In conclusion, the research results revealed that the scale-up of most of the investigated companies requires a simultaneous fulfilment of all internal company conditions that were included in the analysis:

  • Condition 1: strategical and business model considerations, incl. gender balance and equity

  • Condition 2: skills, capabilities, knowledge (incl. managerial and technical)

  • Condition 3: previous experience in CE

  • Condition 4: company culture (incl. attitudes and engagement)

Yet, the simultaneous fulfilment of the above-listed internal company conditions is not sufficient for scaling up. The internal company conditions must be complemented by one of three contextual conditions, i.e. either economic, or infrastructure, or policy and regulations, to enable a company scale-up.

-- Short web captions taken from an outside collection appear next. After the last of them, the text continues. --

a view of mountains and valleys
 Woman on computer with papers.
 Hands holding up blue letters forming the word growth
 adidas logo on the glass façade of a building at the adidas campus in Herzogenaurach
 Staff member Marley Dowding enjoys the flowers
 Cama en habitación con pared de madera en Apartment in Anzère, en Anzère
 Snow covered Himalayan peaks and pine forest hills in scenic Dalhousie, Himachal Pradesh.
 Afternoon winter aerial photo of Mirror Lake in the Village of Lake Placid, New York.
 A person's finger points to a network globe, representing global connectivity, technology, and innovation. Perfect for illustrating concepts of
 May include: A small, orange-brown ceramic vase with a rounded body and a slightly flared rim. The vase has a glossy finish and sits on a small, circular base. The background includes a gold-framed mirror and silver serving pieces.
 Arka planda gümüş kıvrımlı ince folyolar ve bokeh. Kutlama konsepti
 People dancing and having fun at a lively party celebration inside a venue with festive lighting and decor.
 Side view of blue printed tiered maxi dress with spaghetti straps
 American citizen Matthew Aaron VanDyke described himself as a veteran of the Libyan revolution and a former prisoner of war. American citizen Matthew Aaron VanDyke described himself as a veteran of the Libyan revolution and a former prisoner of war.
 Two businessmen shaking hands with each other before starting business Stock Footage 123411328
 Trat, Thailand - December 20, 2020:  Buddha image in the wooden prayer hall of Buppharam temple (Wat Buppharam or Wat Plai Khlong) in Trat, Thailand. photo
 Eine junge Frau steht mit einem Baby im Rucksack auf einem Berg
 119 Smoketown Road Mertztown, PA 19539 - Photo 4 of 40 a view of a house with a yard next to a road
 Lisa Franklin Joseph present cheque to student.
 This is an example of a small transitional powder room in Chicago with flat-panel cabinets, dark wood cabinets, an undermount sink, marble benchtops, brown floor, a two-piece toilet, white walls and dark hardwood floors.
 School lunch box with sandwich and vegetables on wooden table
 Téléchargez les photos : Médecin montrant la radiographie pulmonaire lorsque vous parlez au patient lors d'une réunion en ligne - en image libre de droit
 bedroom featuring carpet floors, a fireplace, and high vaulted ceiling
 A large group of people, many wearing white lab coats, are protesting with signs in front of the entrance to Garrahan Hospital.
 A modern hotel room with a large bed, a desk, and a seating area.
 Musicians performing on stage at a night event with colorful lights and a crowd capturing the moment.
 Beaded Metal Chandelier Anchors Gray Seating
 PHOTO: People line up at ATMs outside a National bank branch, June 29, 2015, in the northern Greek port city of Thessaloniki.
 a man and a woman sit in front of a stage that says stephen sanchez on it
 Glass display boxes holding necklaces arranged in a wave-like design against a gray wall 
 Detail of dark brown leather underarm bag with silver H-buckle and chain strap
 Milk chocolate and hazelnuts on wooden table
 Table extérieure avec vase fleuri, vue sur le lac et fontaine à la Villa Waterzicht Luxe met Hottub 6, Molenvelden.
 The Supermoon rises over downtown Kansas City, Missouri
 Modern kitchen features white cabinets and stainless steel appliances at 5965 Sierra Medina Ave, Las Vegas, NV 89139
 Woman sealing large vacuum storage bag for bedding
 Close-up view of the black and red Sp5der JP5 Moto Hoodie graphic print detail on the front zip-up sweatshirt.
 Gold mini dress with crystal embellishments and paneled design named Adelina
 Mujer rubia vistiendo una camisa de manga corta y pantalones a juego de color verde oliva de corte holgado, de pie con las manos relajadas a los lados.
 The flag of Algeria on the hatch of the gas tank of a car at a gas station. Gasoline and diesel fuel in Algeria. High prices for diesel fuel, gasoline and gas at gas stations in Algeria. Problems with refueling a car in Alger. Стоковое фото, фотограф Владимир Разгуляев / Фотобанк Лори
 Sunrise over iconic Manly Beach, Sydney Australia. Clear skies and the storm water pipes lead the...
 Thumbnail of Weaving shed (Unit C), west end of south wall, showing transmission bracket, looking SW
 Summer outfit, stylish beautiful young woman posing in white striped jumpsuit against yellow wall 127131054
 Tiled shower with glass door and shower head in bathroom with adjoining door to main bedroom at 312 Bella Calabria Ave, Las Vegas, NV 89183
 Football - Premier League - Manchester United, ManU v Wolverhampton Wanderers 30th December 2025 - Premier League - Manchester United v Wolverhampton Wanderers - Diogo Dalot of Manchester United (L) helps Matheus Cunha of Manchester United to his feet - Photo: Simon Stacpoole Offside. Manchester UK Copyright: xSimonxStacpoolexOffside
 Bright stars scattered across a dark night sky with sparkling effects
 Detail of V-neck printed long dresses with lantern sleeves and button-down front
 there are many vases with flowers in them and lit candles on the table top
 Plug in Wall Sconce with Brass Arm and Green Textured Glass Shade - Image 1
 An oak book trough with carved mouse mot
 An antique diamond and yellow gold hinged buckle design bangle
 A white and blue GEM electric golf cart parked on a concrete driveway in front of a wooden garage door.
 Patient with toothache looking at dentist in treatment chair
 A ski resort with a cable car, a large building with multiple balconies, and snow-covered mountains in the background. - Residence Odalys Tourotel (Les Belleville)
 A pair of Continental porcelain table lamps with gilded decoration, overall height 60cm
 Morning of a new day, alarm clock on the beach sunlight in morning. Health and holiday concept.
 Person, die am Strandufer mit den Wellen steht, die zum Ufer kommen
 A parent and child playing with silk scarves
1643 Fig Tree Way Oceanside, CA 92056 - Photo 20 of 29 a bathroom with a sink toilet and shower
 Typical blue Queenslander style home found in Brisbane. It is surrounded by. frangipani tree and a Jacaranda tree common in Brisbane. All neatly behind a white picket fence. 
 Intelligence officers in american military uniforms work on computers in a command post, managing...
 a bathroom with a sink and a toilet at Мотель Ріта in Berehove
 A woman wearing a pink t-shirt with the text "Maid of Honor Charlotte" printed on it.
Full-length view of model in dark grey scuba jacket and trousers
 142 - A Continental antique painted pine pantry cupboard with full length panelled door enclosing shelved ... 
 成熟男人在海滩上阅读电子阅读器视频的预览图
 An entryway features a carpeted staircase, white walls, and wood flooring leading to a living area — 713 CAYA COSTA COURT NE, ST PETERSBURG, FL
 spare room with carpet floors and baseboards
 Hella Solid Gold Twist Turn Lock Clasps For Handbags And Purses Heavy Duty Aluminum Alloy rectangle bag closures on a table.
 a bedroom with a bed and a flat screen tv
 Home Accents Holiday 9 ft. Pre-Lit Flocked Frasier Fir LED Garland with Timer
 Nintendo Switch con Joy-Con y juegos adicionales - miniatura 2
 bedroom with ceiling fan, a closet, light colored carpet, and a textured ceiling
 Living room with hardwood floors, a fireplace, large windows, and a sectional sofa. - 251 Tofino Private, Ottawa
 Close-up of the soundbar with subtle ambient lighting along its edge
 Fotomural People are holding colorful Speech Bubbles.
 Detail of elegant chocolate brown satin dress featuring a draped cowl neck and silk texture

Regarding investment raising, it can be deduced that the success factors are highly case specific. Yet, the research revealed that a combination of various kinds of conditions, including internal, external, and contextual, must occur to enable a circular entrepreneur to raise investment. Also, it might be concluded that it would be useful to analyse the investment decision-making processes related to circular entrepreneurs in emerging markets and developing economies in the future research to gain a demand-side perspective on the investment process. By complementing the supply-side perspective that was the research’s focus, this would enable further findings. What is more, there might be a need to further engage in conceptual work on the success factors for raising investment by circular entrepreneurs in emerging markets and developing economies. As outlined in Table 1, most current theoretical contributions do not specifically concern CE (as opposed to sustainability in general), start-ups and SMEs, and emerging markets and developing economies at the same time.